1993年のビーンボール:TPPの源流〜APEC「アジア太平洋における自由貿易目標」のスクープをつぶした男
A VISION FOR APEC;
TOWARD AN ASIA PACIFIC ECONOMIC COMMUNITY
そんなタイトルの文書が日本経済新聞の韓国・ソウル支局からFAXでシンガポール支局に送られてきたのは1993年10月8日でした。米国のクリントン政権の政策ブレーンの一人で、米国の著名なエコノミスト、バーグステン氏が座長を務めたAPEC賢人会議(EPG、エミネント・パーソンズ・グループ)の報告書の最終案でした。
APEC、アジア太平洋経済協力会議はその年の11月、就任1年目のクリントン米大統領の呼びかけで、初めての首脳会議を開くことになっていました。
その首脳会議で話し合う重要課題について提言したのがEPG報告です。議長は米国のバーグステン国際経済研究所長。「賢人たちが韓国に集まって話し合い、最終案をまとめ上げたらしい」と聞いて、当時シンガポールにいた私がソウル駐在の同僚記者に相談したところ、関係先からいとも簡単に最終案を入手してくれました。
そんなことができるのはふだんからの信頼関係があればこそです。シンガポール赴任から1カ月しか経っていない私にはできない芸当でした。

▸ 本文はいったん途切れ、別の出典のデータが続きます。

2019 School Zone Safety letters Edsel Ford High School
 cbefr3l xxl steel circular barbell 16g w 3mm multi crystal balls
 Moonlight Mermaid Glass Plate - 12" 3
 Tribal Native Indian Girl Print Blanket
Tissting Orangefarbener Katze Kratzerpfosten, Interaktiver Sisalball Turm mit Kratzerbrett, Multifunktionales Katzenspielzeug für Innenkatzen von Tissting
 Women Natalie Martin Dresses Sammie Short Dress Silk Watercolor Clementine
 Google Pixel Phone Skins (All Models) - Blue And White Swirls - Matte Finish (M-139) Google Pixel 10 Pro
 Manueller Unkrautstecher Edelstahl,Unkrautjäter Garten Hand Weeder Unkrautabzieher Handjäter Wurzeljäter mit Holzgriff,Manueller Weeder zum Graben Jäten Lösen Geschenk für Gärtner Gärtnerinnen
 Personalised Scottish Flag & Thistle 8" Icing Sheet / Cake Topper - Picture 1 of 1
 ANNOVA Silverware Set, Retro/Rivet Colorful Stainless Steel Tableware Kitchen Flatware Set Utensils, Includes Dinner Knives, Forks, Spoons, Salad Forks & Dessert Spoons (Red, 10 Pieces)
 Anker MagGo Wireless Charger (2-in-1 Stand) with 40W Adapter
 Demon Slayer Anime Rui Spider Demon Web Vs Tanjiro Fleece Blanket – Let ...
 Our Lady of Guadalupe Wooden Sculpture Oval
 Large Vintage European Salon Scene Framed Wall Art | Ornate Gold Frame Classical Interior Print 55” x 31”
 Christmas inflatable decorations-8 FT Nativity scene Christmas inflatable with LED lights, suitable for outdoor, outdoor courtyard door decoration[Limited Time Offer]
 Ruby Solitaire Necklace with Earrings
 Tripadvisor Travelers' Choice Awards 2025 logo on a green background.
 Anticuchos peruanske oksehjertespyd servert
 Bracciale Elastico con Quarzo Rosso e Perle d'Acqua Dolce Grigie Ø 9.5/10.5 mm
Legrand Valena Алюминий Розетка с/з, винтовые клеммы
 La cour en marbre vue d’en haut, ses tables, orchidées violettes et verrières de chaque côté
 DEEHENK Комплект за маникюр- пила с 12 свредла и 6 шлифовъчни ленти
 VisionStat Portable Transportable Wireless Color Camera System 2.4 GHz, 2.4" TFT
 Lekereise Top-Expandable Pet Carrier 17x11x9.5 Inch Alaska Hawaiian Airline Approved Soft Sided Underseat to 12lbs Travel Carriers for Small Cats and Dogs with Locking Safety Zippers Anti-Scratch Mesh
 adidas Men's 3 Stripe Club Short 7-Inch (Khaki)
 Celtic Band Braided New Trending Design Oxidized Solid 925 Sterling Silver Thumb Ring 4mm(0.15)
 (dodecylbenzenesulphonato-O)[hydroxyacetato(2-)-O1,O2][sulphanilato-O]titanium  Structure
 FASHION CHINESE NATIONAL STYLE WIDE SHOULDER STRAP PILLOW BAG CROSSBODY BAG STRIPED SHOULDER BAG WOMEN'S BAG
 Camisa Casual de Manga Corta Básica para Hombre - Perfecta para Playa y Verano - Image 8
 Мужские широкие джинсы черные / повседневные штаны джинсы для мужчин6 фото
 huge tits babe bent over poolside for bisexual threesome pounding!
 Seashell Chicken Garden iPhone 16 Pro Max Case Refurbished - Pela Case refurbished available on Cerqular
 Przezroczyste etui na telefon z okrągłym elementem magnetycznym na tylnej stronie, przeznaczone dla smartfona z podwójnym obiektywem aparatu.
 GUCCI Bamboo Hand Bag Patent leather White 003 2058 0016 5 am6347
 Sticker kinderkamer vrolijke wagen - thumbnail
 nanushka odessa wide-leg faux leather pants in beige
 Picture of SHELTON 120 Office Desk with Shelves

「英語は苦手だな」というソウルの同僚を助けて私が報告を翻訳し、ニュース記事をソウルの記者、解説記事を着任前まで東京で外務省の取材を担当し、日本の経済外交・対外援助政策について記事を書いていた私が受け持ちました。
アジア太平洋に共同体を作り出す
アジア太平洋地域で「自由貿易」を実現するという目標を設定し、地域の潜在力をフルに実現して真のアジア太平洋共同体を作り出すという内容です。
膠着状態にあったGATT(関税貿易一般協定)のウルグアイ・ラウンドを1993年末までに妥結させるようAPECが行動をおこし、さらに95年までに次の新しいグローバルな貿易交渉をスタートさせることも求めていました。
それは、そのまま同年11月にシアトルで開催したAPEC首脳会議の宣言に取り入れられました。いまや世界経済をけん引するといっていいほど大きな成長を遂げた環太平洋地域における戦後の歴史の中でも特に重要な文書だといってもいいでしょう。